Le Hamas fête ses 29 ans : Quel bilan pour l’organisation ?

Le 14 décembre dernier, le Hamas a célébré le 29e anniversaire de sa création dans un contexte marqué par la guerre fratricide qui l’oppose au Fatah. Cette manifestation, aux allures de démonstration de force, a rassemblé des dizaines de milliers de Palestiniens à Gaza, dont des centaines d’hommes en tenue militaire et des enfants agitant des armes factices. La veille, la branche armée de l’organisation a organisé des expositions d’armes dans le camp de réfugiés de Djabaliya, à Beit Lahiya et Beit Hanoun.
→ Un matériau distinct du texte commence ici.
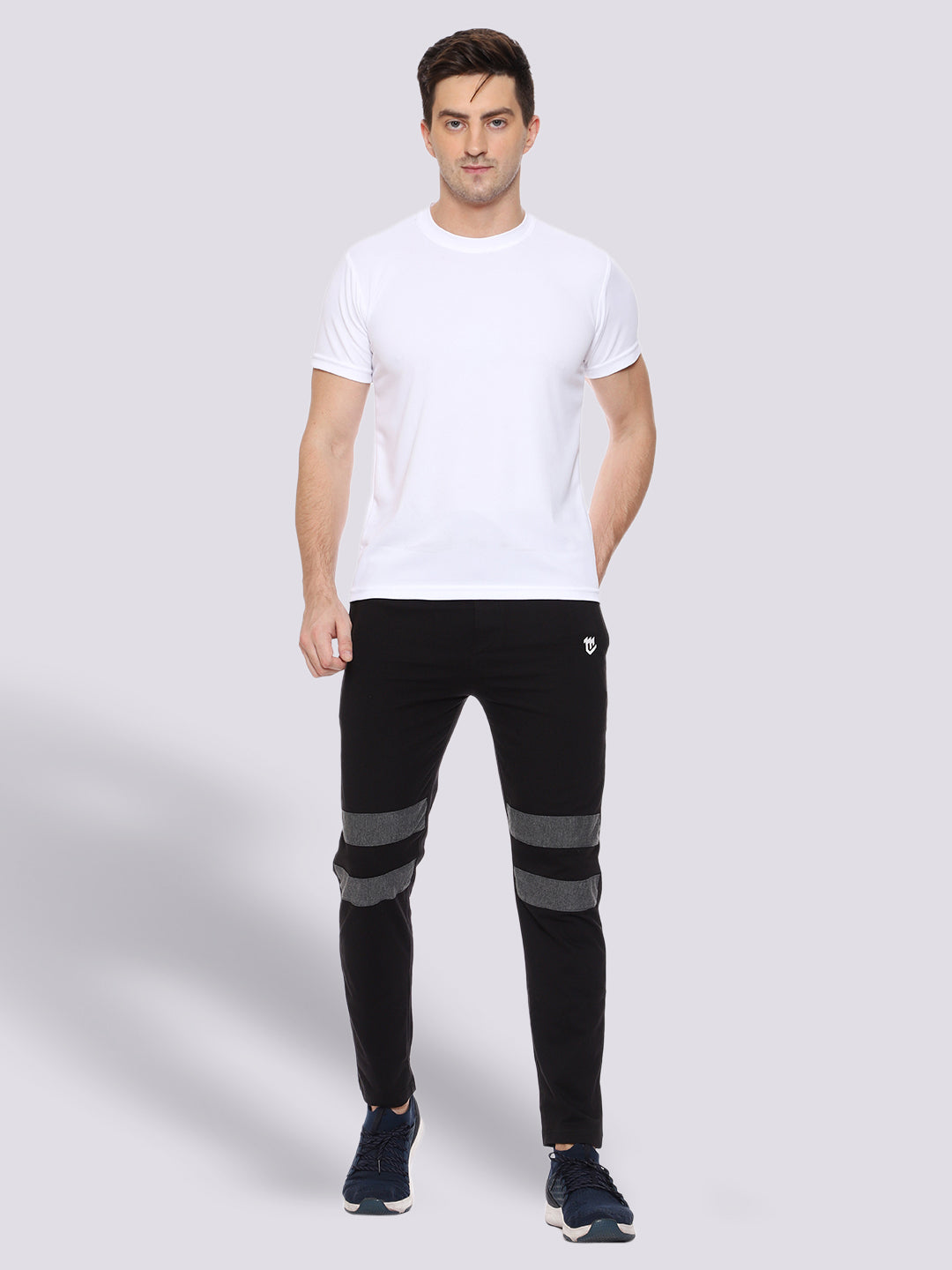 Black Front Stripe Cotton Track Pant for Men
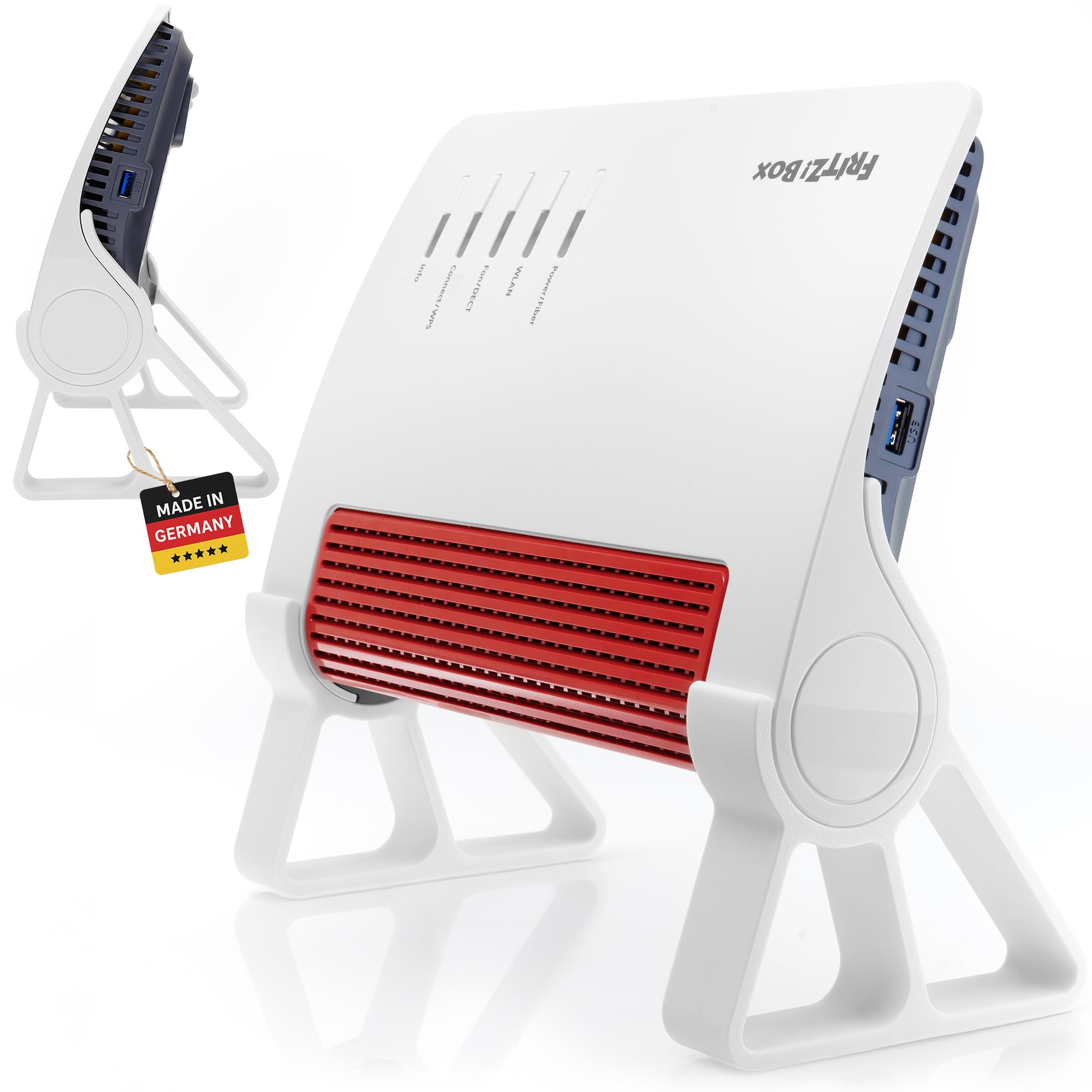 Ständer für Fritzbox 7690 5590 Fiber, 4690 & 7590 AX – stabile Halterung für bessere Belüftung & sicheren Stand Tischständer Halter Standfuß Fuß Aufsteller – Nicht für 7590 (ohne AX)
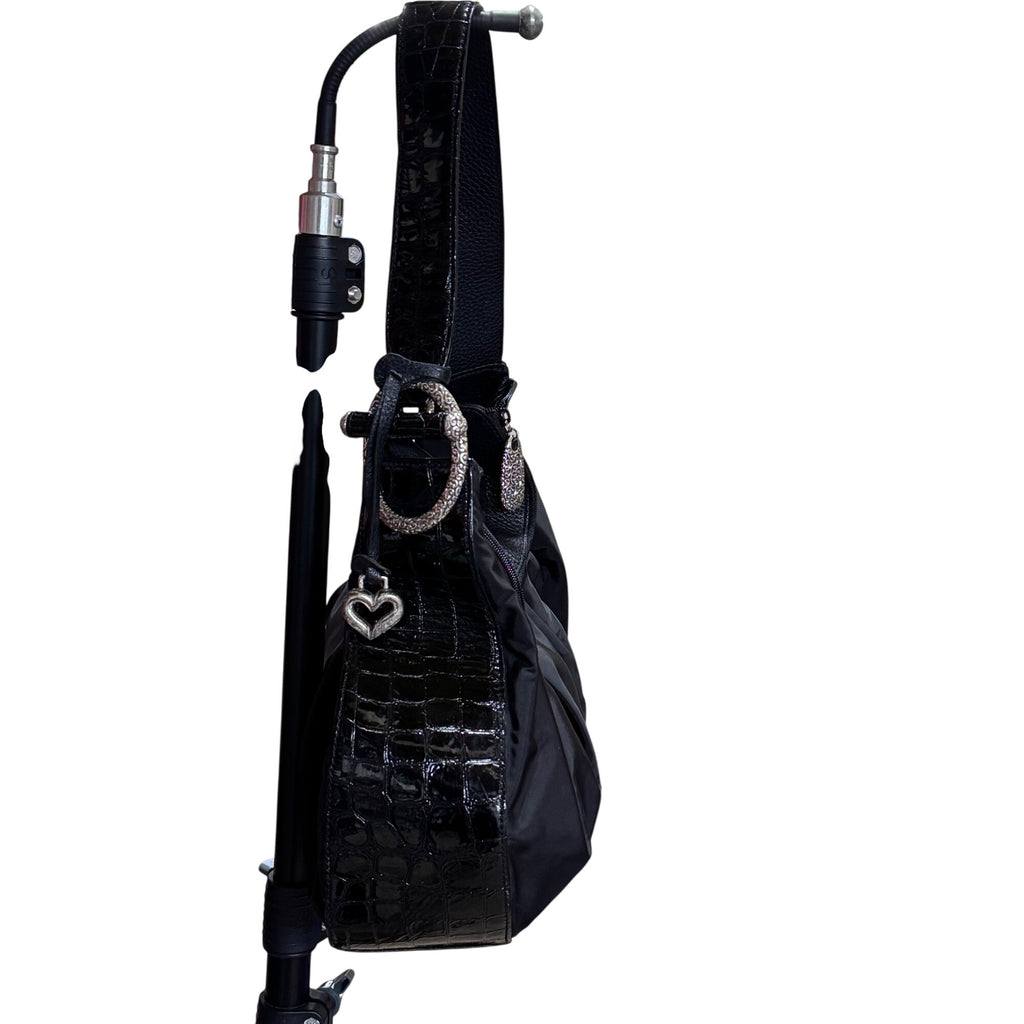 Brighton Black Croc Embossed Strap Slouch Hobo Bag Purse Handbag Y2K Heart Charm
Les festivités ont été l’occasion pour les responsables du Hamas de proférer de nouvelles  menaces à l’encontre d’Israël. Le responsable de l’organisation, Khalil Haya, a prononcé un discours féroce, bâti sur une rhétorique violemment anti-israélienne. Il a également appelé à la réconciliation avec le parti du Fatah dirigé par le président de l’Autorité Palestinienne Mahmoud Abbas, mais seulement selon les conditions du Hamas. Interrogé par Al-Jazeera, Khaled Mashaal, responsable du bureau politique, a affirmé que l’organisation n’a pas changé sa stratégie ni ses concepts depuis sa création. Il a ajouté que le Hamas adhérait toujours à sa  vision de « résistance » à l’ennemi israélien. Il a précisé que sans une « résistance armée », les droits nationaux ne pourront pas être réalisés.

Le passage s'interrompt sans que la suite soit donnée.